» Requirement: Print the lines in the listing below that fall between the line with "These pictures are" and the line with "Hello everybody. Today", those two lines included, exactly as they stand and with nothing else.

» Data section:
* * * *
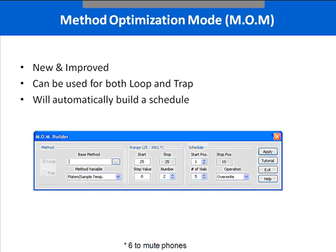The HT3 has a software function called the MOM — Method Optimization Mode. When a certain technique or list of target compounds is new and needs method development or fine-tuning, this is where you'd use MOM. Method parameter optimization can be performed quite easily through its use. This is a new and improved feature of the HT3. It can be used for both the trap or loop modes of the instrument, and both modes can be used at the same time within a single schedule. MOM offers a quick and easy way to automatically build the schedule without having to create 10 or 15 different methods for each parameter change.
* * * *
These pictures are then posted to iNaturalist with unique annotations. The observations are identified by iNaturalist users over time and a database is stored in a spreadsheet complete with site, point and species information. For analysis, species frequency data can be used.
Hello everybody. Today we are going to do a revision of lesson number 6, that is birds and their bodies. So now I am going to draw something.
* * * *
» Solution to the exercise:
These pictures are then posted to iNaturalist with unique annotations. The observations are identified by iNaturalist users over time and a database is stored in a spreadsheet complete with site, point and species information. For analysis, species frequency data can be used.
Hello everybody. Today we are going to do a revision of lesson number 6, that is birds and their bodies. So now I am going to draw something.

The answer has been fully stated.